Taxation of Colonies Act 1778
- Parliament of Great Britain
- Long title: An Act for removing all Doubts and Apprehensions concerning Taxation by the Parliament of Great Britain in any of the Colonies, Provinces, and Plantations in North America and the West Indies; and for repealing so much of an Act made in the Seventh Year of the Reign of His late Majesty as imposes a Duty on Tea imported from Great Britain into any Colony or Plantation in America as relates to there.
- Citation: 18 Geo. 3. c. 12
- Territorial extent: British America and the British West Indies

Dates
- Royal assent: 11 March 1778
- Commencement: 11 March 1778
- Repealed: 18 July 1973

Other legislation
- Amends: Duties on Tea, etc. (American Plantations) Act 1766
- Amended by: Statute Law Revision Act 1871; Statute Law Revision Act 1887;
- Repealed by: Statute Law (Repeals) Act 1973
- Relates to: Customs Act 1772; Customs Act 1826;

Status: Repealed

Text of statute as originally enacted

= Taxation of Colonies Act 1778 =

Act of the Parliament of Great Britain

The Taxation of Colonies Act 1778 (18 Geo. 3. c. 12) was an act of the Parliament of Great Britain that declared Parliament would not impose any duty, tax, or assessment for the raising of revenue in any of the colonies of British America or the British West Indies. The act, passed during the American Revolutionary War, was an attempt by Parliament to end the war by conceding one of the early points of dispute.

Parliament's effort to tax the colonies without the consent of the colonists, especially as enacted in the Townshend Acts of 1767 and the Tea Act of 1773, had been a major cause of the American Revolution. This act noted that those taxes had "been found by experience to occasion great uneasiness and disorders" and that his Majesty desired "to restore the peace and welfare of all his Majesty's Dominions".

The act declared that Parliament would not impose any duty, tax, or assessment for the raising of revenue in any of the colonies. Parliament would only impose such duties as expedient to regulate commerce and the net income from these duties would be given to the colonies. In making this concession, Parliament was taking the position that American colonists had advocated a decade earlier, most notably John Dickinson in his 1767 and 1768 "Letters from a Farmer in Pennsylvania".

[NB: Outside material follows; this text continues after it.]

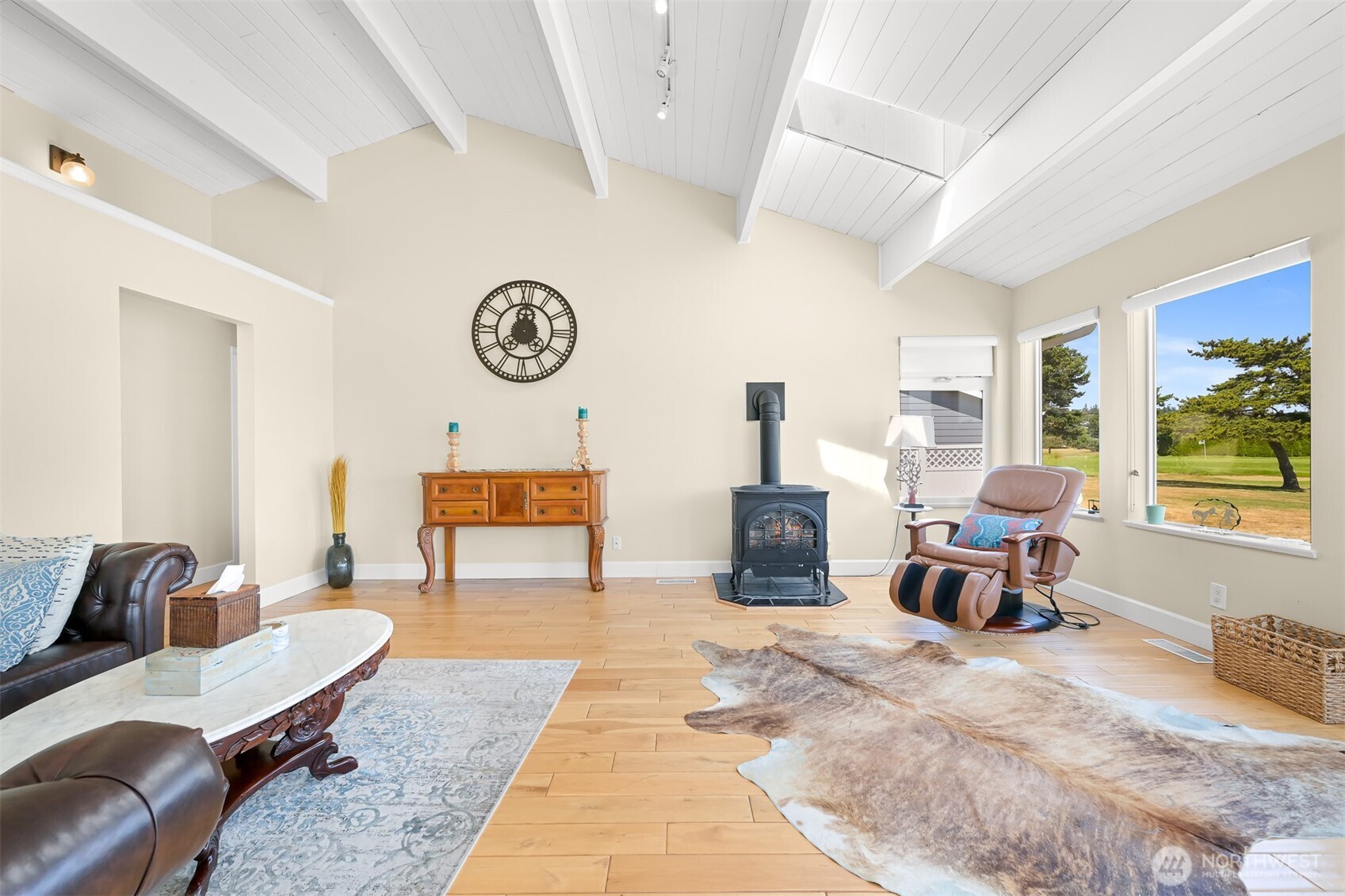 Blaine, Washington 98230, United States, 3 Bedrooms Bedrooms, ,1 BathroomBathrooms,Residential,Active,192455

By the time the statute was enacted, it was too late to have any effect on the war: the dispute had expanded beyond taxation, and the colonies had already declared independence. Additionally, according to legal historian John Phillip Reid, "As a matter of constitutional law the statute was meaningless", because future parliaments would not be bound by the current parliament's pledge not to impose taxes.

== Subsequent developments ==
Section 2 of the act was repealed by section 1 of, and the schedule to, the Statute Law Revision Act 1871 (34 & 35 Vict. c. 116), which came into force on 21 August 1871.

The whole act was repealed by section 1(1) of, and part VII of schedule 1 to, the Statute Law (Repeals) Act 1973, which came into force on 18 July 1973.